Most cultures celebrate springtime renewal with a religious holiday or festival. Some of these celebrations are more obscure than others.

For example, in many countries it’s said that, each year at this time, the Oyster Bunny rises out of the sea, distributing gifts to all the unshellfish little boys and girls.

A French woman in a typical Oyster Bonnet

Of course, other cultures observe dietary restrictions that don’t permit the eating of shellfish. This is the reason behind an even earlier tradition, in which the men and women of the community line up, facing each other, and then begin to throw fresh fish in the air. This holiday is known as Bass Over.

11 April 2009

What Quiz Are You?


Take this quick and easy quiz to find out!

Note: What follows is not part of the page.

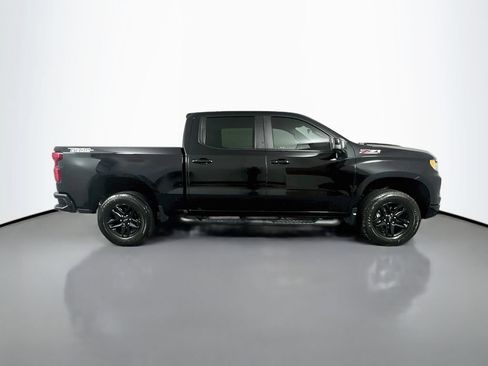 Used 2023 Chevrolet Silverado 1500 LT Trail Boss w/ LT Trail Boss Premium Package AWD/4WD image 4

1) The highest level of education you have completed is

a. High school
b. College
c. Graduate school
d. Vocational/technical or obedience school
e. Facebook

2) Your favorite color is
a. Red
b. Blue
c. Yellow
d. Mauve
e. Facebook

3) Friends and co-workers are apt to describe you as
a. Highly motivated and hardworking
b. The life of the party
c. Intuitive and caring
d. Armed and dangerous
e. Obsessed with pop culture and trivia

4) In your spare time, you enjoy
a. Watching television
b. Gardening
c. Team sports
d. Sudoku and other forms of masturbation
e. Endless hours on the Internet.

5) When anything of even minimal significance occurs in your life, you immediately
a. Twitter
b. Twitter, but using Twitter, and not just making twittering noises
c. Otherwise notify hundreds of “friends,” whether they care or not
d. Add an inscription to your mausoleum in Illinois
e. Take another quiz

ANSWERS

If you answered mostly “a,” you are What Stooge Are You?

Your time is valuable to you, so you take only quizzes with very few potential results. In extreme cases, you may even be the quiz Are You Joe Besser?, a one-question quiz with only two possible answers.

If you answered mostly “b,” you are What Element on the Periodic Table Are You?
Highly analytic, you reduce any problem or situation to its essence. Also, you are probably interested in science, since most of the rest of us don’t even know the difference between one element and another.

If you answered mostly “c,” you are Patsy Cline.
No, really, you are. Though many people believe you are dead, you continue to sing a number of toe-tapping, heart-tugging pop–country hits in a mellow, plangent contralto. I realize that this result is not, strictly speaking, a quiz, but please bear in mind that, in all likelihood, you are “Crazy.”

If you answered mostly “d,” you are What Character from 17th-Century French Literature Are You?
While waiting to find out whether you got tenure, you drink heavily, engage in vicious arguments with your spouse, and sleep with graduate students of all sexes. In your heart, you are secretly afraid of Virginia Woolf. You wear mostly black, and you smoke clove cigarettes.

If you answered mostly “e,” you are What New Jersey Town With Population Under 5,000 Are You?
And I cannot begin to tell you how sorry I am.

If you took this quiz in the first place, you are What Quiz Are You?
That’s right, you are this very quiz! Burdened with entirely too much spare time and abundant but unfocused curiosity about yourself, you’ll take any quiz you see! Pat yourself on the back! And then compare your answers with those of your friends!

09 April 2009

Bush Endorses Obama Weapons Proposal

DALLAS, TX -- Former U.S. President George W. Bush today made the surprise announcement that he fully endorses President Barack Obama’s proposal to eliminate nuclear weapons, “so long as America's precious nucular weapon stockpiles are maintained and kept at the ready to protect the American people from evil.”

Admitting that he’d only heard about President Obama’s proposal via television reports, the former President continued, “What are ‘new, clear arms,’ anyhow? Some kind of Plexiglas stick that you bop people with, or something? I don't see what good that would do anybody. Let's illuminate ’em – just get rid of ’em.”